Sometimes trouble follows you, and sometimes you bring it upon yourself. Both happened to Congresswoman Alexandria Ocasio-Cortez on Saturday in Astoria.
First, the trouble she could have avoided. Ocasio-Cortez hosted an event that was billed as “a Family Fun Run supporting U.S. Congresswoman Alexandria Ocasio-Cortez’s Green New Deal” in Astoria Park.
Nearly 400 runners ponied up $30 to take part in the event, with kids paying $20 each to run in a kids’ 1K. More than $11,000 was raised.
What was apparently not clear to runners was that the event was actually a campaign fundraiser for Ocasio-Cortez, with many participants under the impression their money was going to be used to help save the planet.
A legal disclosure on a website promoting the fun run informs participants that the registration fees are contributions to “AOC for Congress” and subject to Federal Election Commission rules.
Which means some people may have inadvertently broken election laws, which prohibit parents from contributing their own funds in their child’s name.

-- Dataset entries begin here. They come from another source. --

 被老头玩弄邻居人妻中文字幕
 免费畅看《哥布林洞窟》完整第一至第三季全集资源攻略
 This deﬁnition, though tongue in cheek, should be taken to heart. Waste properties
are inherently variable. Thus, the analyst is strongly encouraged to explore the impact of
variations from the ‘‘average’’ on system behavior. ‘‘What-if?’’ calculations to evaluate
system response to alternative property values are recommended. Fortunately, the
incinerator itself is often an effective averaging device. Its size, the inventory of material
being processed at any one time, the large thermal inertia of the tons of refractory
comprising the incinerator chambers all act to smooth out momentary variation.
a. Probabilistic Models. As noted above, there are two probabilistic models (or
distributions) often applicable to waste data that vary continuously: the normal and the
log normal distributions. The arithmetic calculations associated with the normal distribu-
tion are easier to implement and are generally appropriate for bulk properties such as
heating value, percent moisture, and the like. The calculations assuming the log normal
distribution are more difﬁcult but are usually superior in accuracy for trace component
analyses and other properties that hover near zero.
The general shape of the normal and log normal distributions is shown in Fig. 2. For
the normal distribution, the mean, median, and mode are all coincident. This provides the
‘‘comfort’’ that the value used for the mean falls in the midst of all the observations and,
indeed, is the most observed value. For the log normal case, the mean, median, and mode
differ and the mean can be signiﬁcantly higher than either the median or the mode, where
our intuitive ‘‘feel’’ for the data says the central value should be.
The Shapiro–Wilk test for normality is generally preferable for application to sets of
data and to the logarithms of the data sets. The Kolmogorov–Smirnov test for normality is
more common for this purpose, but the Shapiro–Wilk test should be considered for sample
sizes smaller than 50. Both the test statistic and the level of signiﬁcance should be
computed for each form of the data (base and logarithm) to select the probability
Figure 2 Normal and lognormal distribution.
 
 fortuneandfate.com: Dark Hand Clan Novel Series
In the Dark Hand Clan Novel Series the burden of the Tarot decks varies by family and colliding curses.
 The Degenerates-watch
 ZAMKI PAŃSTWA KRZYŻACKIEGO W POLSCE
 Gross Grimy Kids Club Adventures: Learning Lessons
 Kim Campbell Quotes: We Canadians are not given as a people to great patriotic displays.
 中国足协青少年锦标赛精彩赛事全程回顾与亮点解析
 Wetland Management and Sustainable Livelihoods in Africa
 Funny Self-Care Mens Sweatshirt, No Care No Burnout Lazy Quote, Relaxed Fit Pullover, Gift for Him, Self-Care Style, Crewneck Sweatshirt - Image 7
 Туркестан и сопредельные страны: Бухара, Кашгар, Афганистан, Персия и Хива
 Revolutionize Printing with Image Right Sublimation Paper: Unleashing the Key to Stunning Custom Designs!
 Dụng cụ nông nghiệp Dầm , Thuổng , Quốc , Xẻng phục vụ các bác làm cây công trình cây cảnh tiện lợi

So unless that three-year-old running the kids’ 1K paid their entry fee from their allowance, their parents may have – technically – broken the law.
All of which could have been avoided if the campaign had made it more clear that is was a fundraiser for AOC, and not necessarily for her Green New Deal directly.
Needless to say the story made national headlines, and AOC continues to find herself in the middle of the spotlight.
And then there’s the kind of trouble that follows you. A disheveled Anthony Pappas showed up at the event looking to speak with the freshman congresswoman.
Pappas, you probably don’t remember, ran as a Republican against AOC in the general election after her stunning primary defeat of then-congressman Joseph Crowley. Pappas only received about 13 percent of the vote.
The 72-year-old St. John’s professor was carrying a Green New Deal bag and distributing copies of an eight-page manifesto he penned outlining his issues with the judicial system, primarily a lack of accountability for sitting justices.
That was a central theme of his campaign. When our editorial board sat down with him last year to discuss the issues, that was primarily all he wanted to talk about. Obviously, he feels like some judge done him wrong at some point in the past and won’t let it go.
Staffers blocked Pappas from speaking with Ocasio-Cortez, and he was eventually escorted away by two police officers.
Just another day in the life of AOC!